- [TASK INSTRUCTIONS] Your response should be an exact transcription of the data, images excluded.

- [DATA RECORDS]
>>

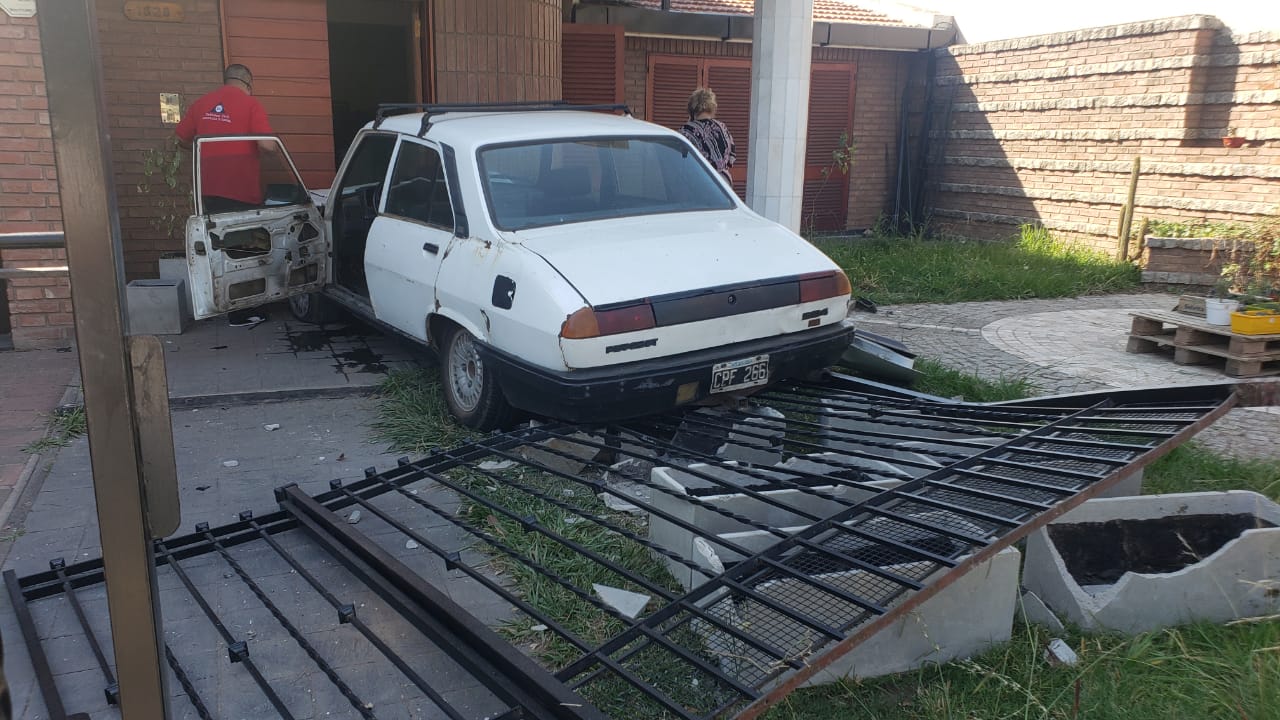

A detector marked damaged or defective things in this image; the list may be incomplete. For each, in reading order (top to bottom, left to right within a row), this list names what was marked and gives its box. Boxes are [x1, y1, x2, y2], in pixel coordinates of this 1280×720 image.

detached car door panel [184, 135, 325, 319]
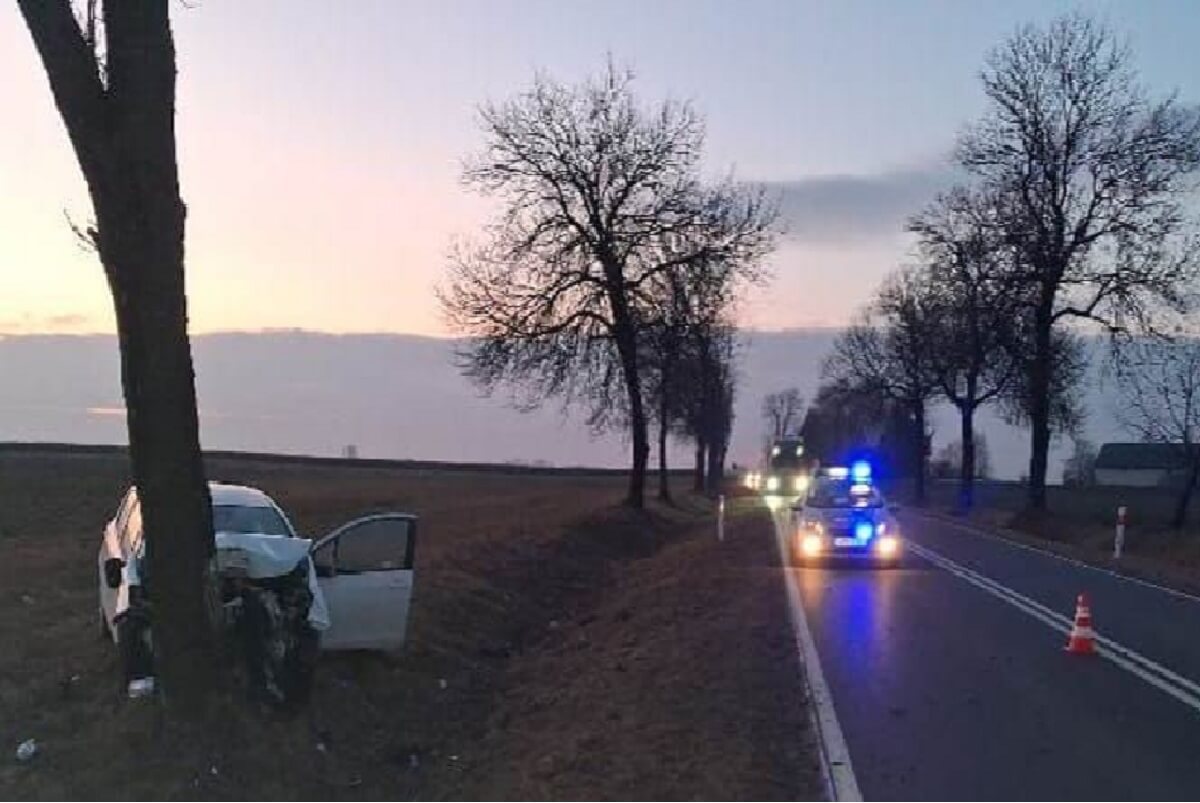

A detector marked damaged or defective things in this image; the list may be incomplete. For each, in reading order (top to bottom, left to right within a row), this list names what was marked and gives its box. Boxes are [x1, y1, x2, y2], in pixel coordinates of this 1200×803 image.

crashed white car [97, 480, 417, 696]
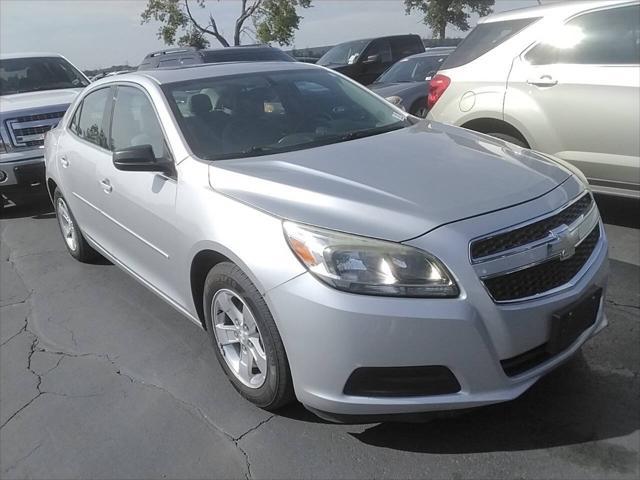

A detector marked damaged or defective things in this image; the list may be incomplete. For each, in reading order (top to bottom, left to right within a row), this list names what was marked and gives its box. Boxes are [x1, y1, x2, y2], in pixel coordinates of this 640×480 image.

cracked asphalt [0, 193, 636, 478]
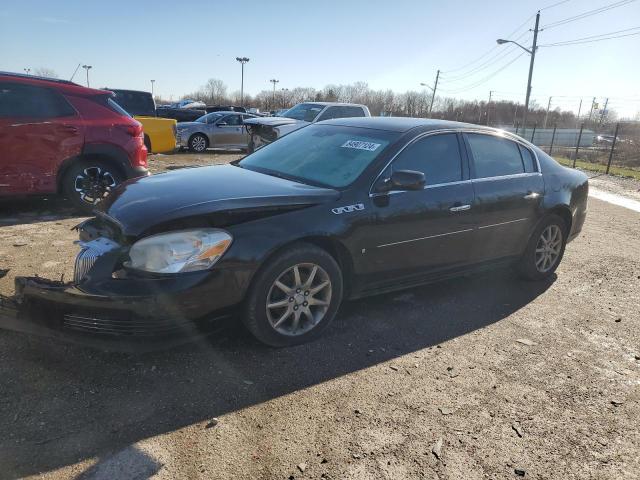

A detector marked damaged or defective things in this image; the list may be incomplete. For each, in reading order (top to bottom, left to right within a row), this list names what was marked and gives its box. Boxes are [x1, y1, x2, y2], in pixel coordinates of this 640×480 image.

front bumper damage [0, 230, 241, 352]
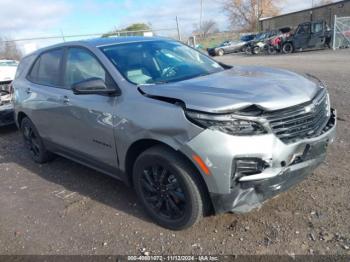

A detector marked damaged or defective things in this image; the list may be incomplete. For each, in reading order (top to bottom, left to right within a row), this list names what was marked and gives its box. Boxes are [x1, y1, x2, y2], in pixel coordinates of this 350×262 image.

wrecked car [0, 60, 17, 128]
wrecked car [12, 36, 336, 229]
damaged chevrolet equinox [13, 36, 336, 229]
cracked headlight [186, 110, 266, 135]
crumpled front bumper [183, 109, 336, 214]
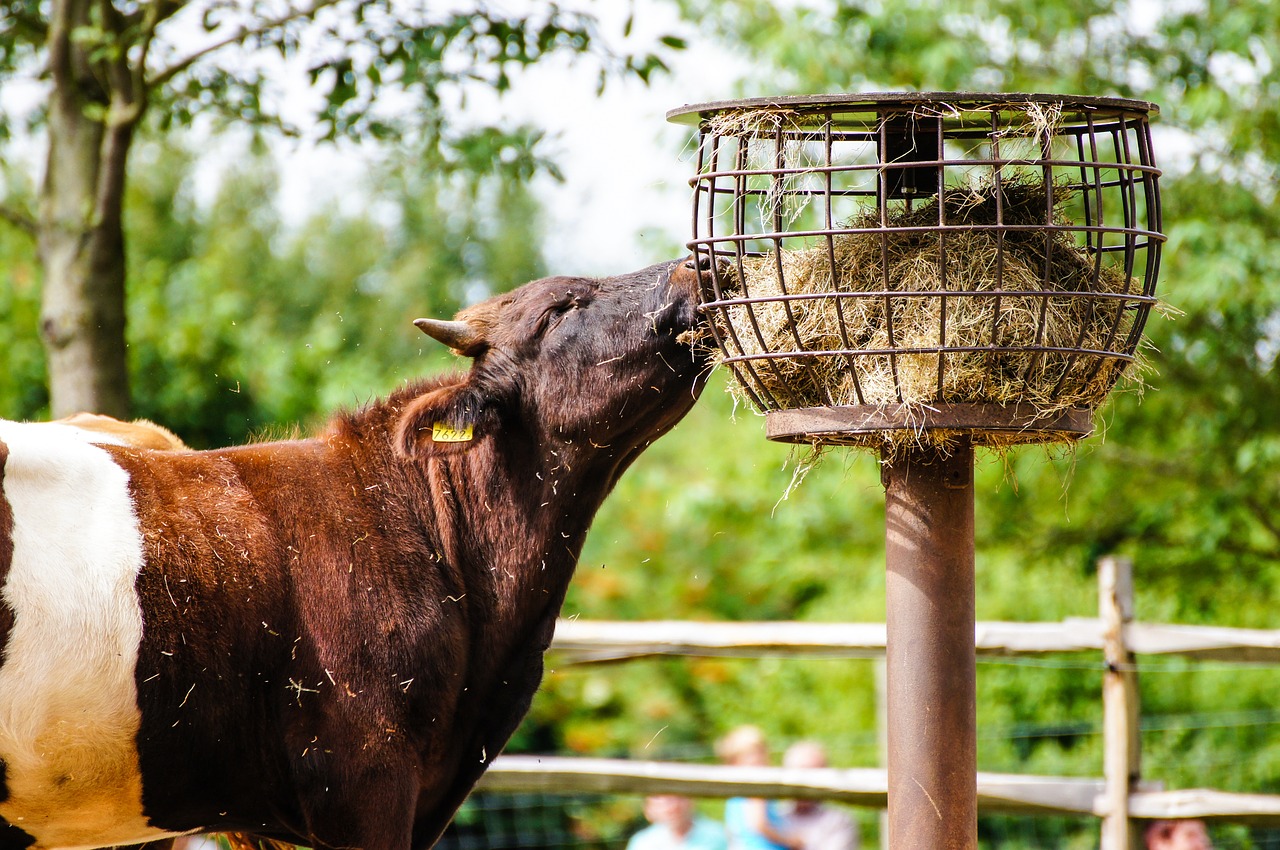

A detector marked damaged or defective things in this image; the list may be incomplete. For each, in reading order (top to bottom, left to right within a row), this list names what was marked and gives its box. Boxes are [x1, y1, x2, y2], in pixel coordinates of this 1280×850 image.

rusty metal feeder [676, 94, 1168, 848]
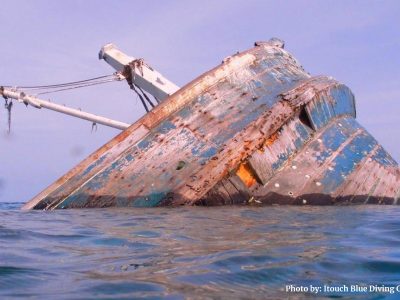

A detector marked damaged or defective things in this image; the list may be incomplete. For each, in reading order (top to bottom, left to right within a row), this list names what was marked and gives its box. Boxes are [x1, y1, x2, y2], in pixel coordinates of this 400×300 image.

rusty shipwreck [8, 38, 396, 209]
corroded metal hull [22, 42, 400, 209]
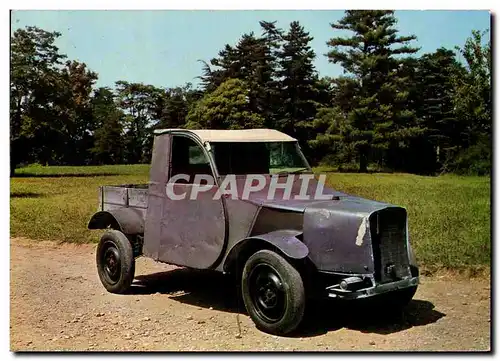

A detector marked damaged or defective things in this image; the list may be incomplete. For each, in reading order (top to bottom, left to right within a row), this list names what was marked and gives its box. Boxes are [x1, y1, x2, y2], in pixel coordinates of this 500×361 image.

rusty metal panel [143, 133, 170, 258]
rusty metal panel [158, 184, 225, 268]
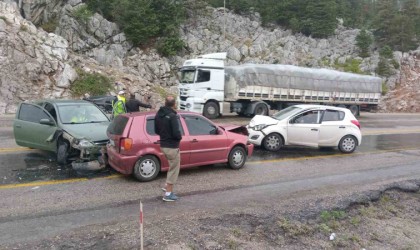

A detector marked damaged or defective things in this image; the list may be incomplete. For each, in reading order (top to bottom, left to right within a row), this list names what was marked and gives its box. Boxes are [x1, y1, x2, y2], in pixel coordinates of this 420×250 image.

damaged green car [13, 99, 110, 166]
damaged white hatchback [13, 99, 110, 168]
crumpled hood [61, 121, 110, 142]
damaged red hatchback [106, 112, 254, 182]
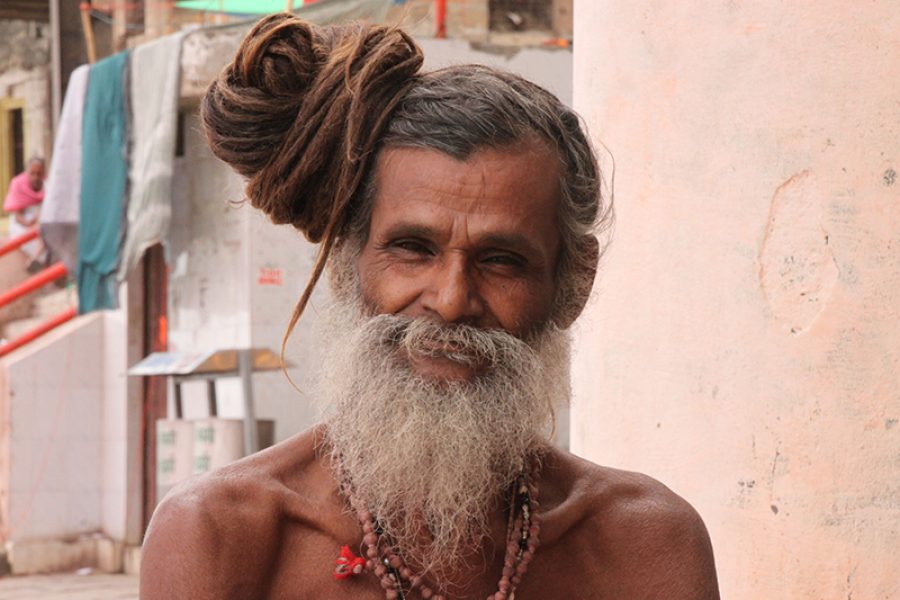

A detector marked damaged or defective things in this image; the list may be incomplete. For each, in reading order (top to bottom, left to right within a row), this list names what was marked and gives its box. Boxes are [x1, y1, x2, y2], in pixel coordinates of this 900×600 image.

cracked wall surface [572, 2, 896, 596]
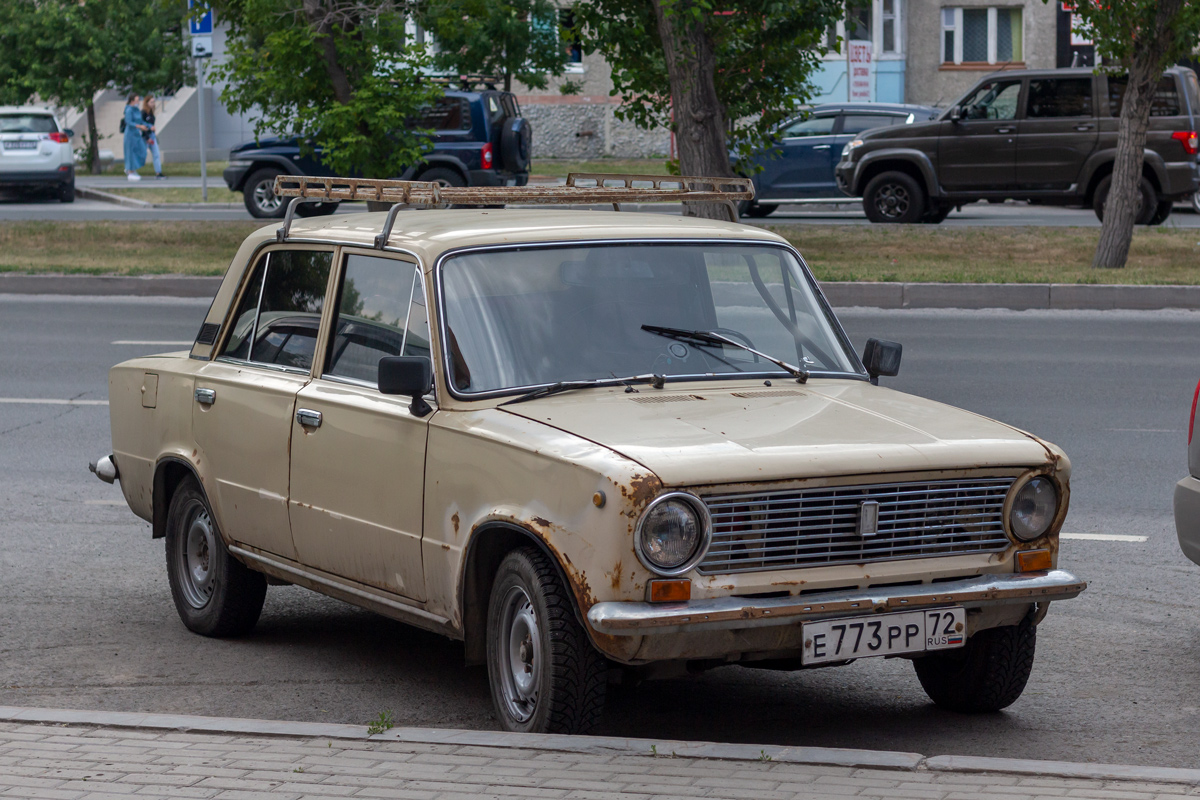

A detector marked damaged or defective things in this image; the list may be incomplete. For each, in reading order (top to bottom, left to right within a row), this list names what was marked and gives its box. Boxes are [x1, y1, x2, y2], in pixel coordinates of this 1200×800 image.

rusty beige sedan [94, 178, 1088, 736]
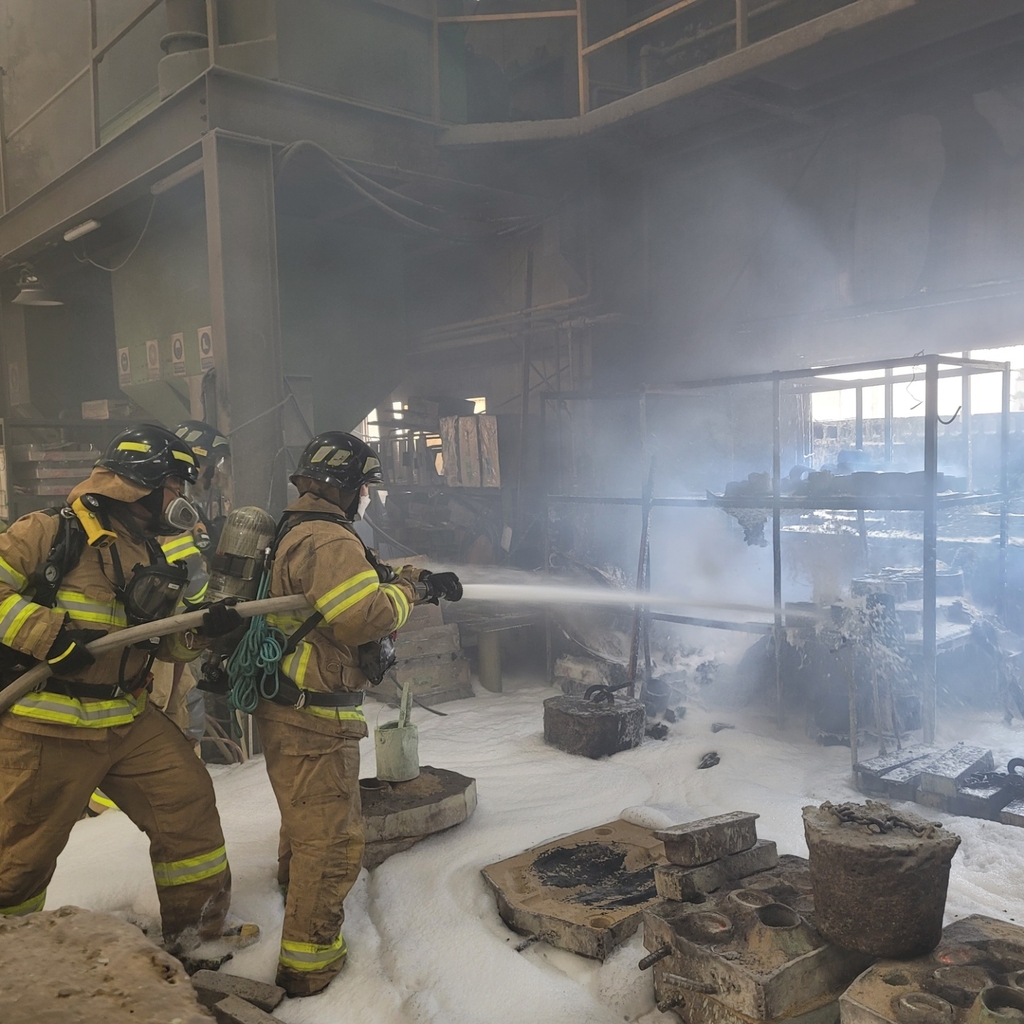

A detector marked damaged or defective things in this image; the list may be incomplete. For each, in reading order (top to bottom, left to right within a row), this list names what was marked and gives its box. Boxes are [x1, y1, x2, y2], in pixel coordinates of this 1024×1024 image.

burnt scrap metal [482, 816, 672, 960]
burnt scrap metal [640, 856, 872, 1024]
burnt scrap metal [804, 800, 964, 960]
burnt scrap metal [840, 916, 1024, 1024]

<<

- [RESULT]
A detector marked damaged or defective things in this image; the list may be incomplete. For each, in reading order (top to bottom, left to right within a row), this list names what was marked and gives its box. Boxes are [x1, y1, x2, y2], in pixel coordinates of this 1280×720 image.

detached car door panel [184, 135, 325, 319]

A detector marked damaged or defective things in this image; the list may be incomplete. For each, in reading order (top to bottom, left to right within a row), this list names what was marked and gives its box. Boxes are [x1, y1, x2, y2], in pixel coordinates of this 1200×803 image.

crashed white car [97, 480, 417, 696]

A detector marked damaged or defective things in this image; the list may be incomplete. For each, in reading order (top to bottom, left to right within a row), this list names what was marked and gives its box. Boxes are [x1, y1, x2, y2], in pixel coordinates of this 640×480 image.

cracked asphalt [0, 193, 636, 478]

A detector marked damaged or defective things in this image; the list may be incomplete. For each, in reading order (top to bottom, left to right within a row), this list names what was marked and gives its box. Boxes are [x1, y1, x2, y2], in pixel coordinates of this 640×480 image.

front bumper damage [0, 230, 241, 352]

A detector marked damaged or defective things in this image; the list may be incomplete. For each, in reading order (top to bottom, left to right within a row), this list names what was marked and gives its box. Boxes are [x1, y1, x2, y2], in pixel coordinates of this 350×262 image.

wrecked car [0, 60, 17, 128]
wrecked car [12, 36, 336, 229]
damaged chevrolet equinox [13, 36, 336, 229]
cracked headlight [186, 110, 266, 135]
crumpled front bumper [183, 109, 336, 214]

A detector marked damaged or defective things in this image; the list may be incomplete. For each, in reading order (top to bottom, left to right within a row), this list names what was marked and gives its box. Boxes are [x1, y1, x2, y2], in pixel coordinates of this 1280×850 image.

rusty metal feeder [676, 94, 1168, 848]

A detector marked damaged or defective things in this image; the list may be incomplete. For each, in reading order (top to bottom, left to right within a row), this list names what was marked and gives its box. Boxes are [x1, y1, x2, y2], in pixel coordinates of this 400×300 image.

rusty shipwreck [8, 38, 396, 209]
corroded metal hull [22, 42, 400, 209]

A detector marked damaged or defective things in this image; the list may be incomplete. For each, in reading order (top to bottom, left to right within a row), this list names what was marked and gives its box. Boxes are [x1, y1, x2, y2], in pixel coordinates of this 500×361 image.

rusty metal panel [143, 133, 170, 258]
rusty metal panel [158, 184, 225, 268]

A detector marked damaged or defective things in this image; the list may be incomplete. For each, in reading order (top to bottom, left to right within a row), this list names what was marked and gives its box. Boxes are [x1, y1, x2, y2], in pixel coordinates of this 420×250 image.

damaged green car [13, 99, 110, 166]
damaged white hatchback [13, 99, 110, 168]
crumpled hood [61, 121, 110, 142]
damaged red hatchback [106, 112, 254, 182]

A detector marked damaged or defective things in this image; the list may be incomplete. For each, in reading order (top to bottom, left to right within a row), this list names what was marked and gives its box. Boxes are [x1, y1, x2, y2], in pixel coordinates of this 900×600 image.

cracked wall surface [572, 2, 896, 596]

A detector marked damaged or defective things in this image; the list may be incomplete. For each, in reading order (top to bottom, left to right within a row), this list names what was marked and gives its box. Boxes are [x1, y1, x2, y2], in pixel coordinates of this 1200×800 image.

rusty beige sedan [94, 178, 1088, 736]

A detector marked damaged or defective things in this image; the list may be incomplete. For each, in reading order (top to bottom, left to right within a row), this list names what was marked and gives its box. Boxes are [x1, y1, x2, y2], in pixel coordinates of this 1024×1024 image.

burnt scrap metal [482, 816, 672, 960]
burnt scrap metal [640, 856, 872, 1024]
burnt scrap metal [804, 800, 964, 960]
burnt scrap metal [840, 916, 1024, 1024]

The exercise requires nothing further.